Builds are not yet code-signed: on macOS right-click the app → Open the first time; on Windows click "More info → Run anyway" in SmartScreen.
Or run from source:
git clone https://github.com/repowise-dev/unseen && cd unseen
npm install
npm run devnpm run dist builds the installer for your platform into release/.
First run: open Settings (⚙ in the overlay) → Providers → pick your LLM, paste keys (stored in your OS keychain), Test, done. You need:
- a Deepgram API key for transcription (generous free tier), and
- an LLM: an Anthropic / OpenAI / Gemini key — or no key at all with Ollama running locally.

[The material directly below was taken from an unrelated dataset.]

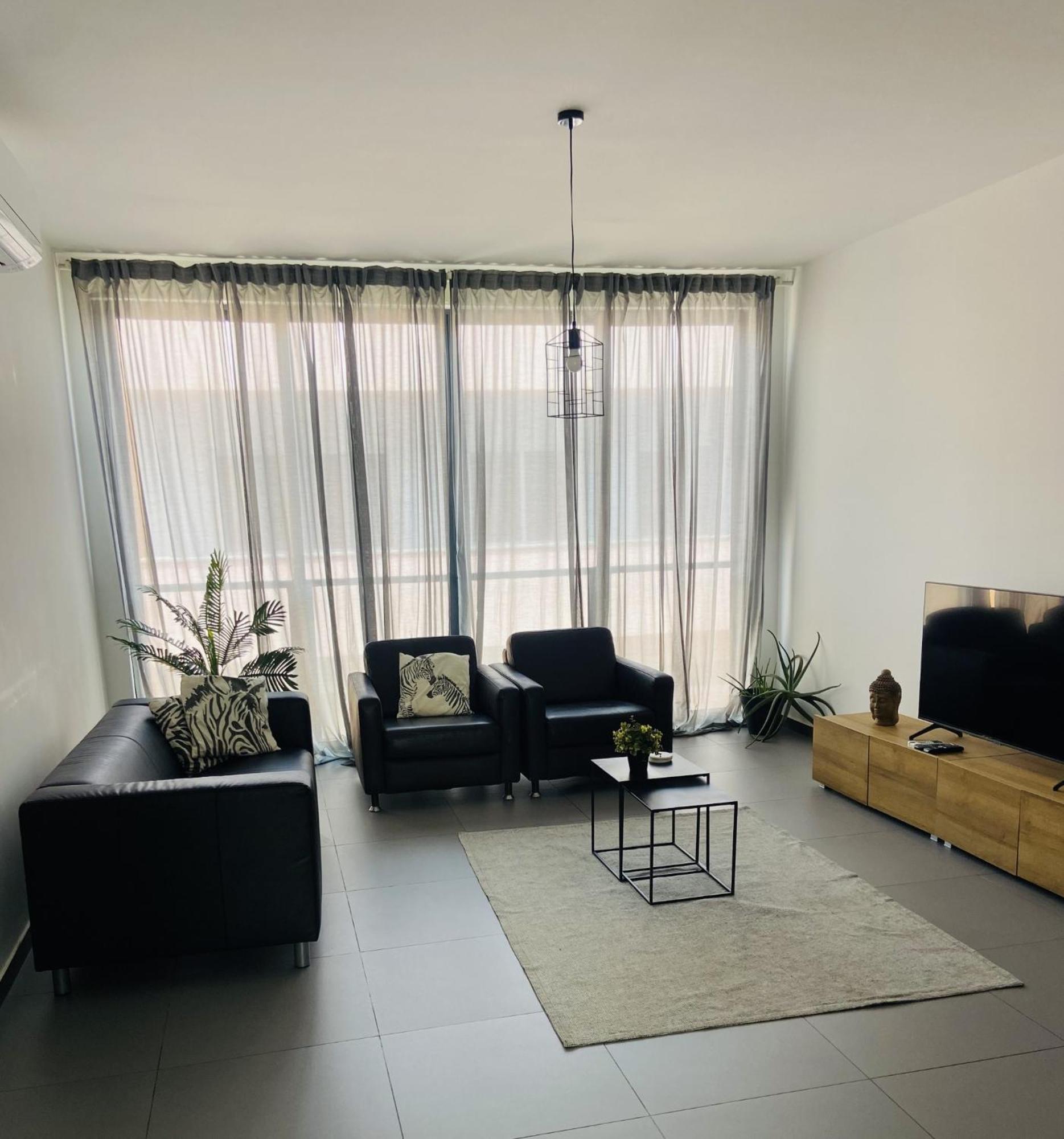 Morabezahome 민델로 외부 사진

On macOS, dictation also asks for Accessibility permission so it can paste for you.
| Default | Action |
|---|---|
| ⌃Space | start / stop dictation (talk into any app) |
| ⌘⇧\ | show / hide the overlay |
| ⌘⇧Space | answer the latest thing said ("Ask now") |
| ⌘⇧P | pause / resume listening |
| ⌘⇧] | cycle profile |
| ⌘⇧H | toggle Privacy Mode |
All remappable via hotkeys in settings.json (Ctrl on Windows/Linux).
The overlay is excluded from OS-level screen capture (NSWindow.sharingType = .none on macOS, WDA_EXCLUDEFROMCAPTURE on Windows): your notes don't leak into your screen share. It's a visible toggle (🙈/👁) and you can turn it off. Use it responsibly — see ETHICS.md.

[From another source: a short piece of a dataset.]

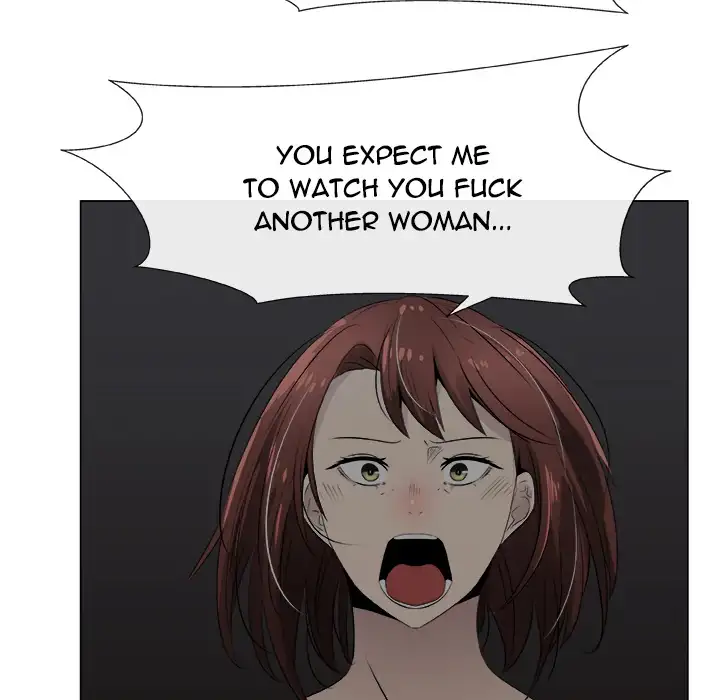 For Your Happiness chapter 27 page 54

- Transcripts, answers, and your distilled memory stay on your machine (or your own iCloud). No telemetry, ever.
- API keys are stored encrypted in your OS keychain (Electron
safeStorage) and never sync to iCloud. - Handwriting OCR runs fully offline — no cloud, no Claude OCR.
- Pause and a per-app exclude list let you keep specific apps and moments out of memory entirely.
- Recording-consent laws vary by jurisdiction — get consent before transcribing other people. See docs/privacy-and-consent.md.
| Want to add… | Touch | Docs |
|---|---|---|
| A use case | 1 YAML file in your profiles folder | docs/profiles.md |
| An LLM vendor | one LlmProvider implementation |
docs/extending/llm-provider.md |
| An STT vendor | one SttProvider + one parser |
docs/extending/stt-provider.md |
| A trigger detector | one pure function | docs/extending/detector.md |
| An OCR engine | one stdin/path → { text } command |
docs/ocr-sidecar.md |
Architecture overview: docs/architecture.md.
The default pipeline captures your mic. To transcribe the other participants too, route system audio into a virtual device and pick it in Settings → Audio — guide: docs/system-audio.md.
PRs welcome — see CONTRIBUTING.md. Good first contributions: a new profile, a trigger detector, price-table updates, a new provider.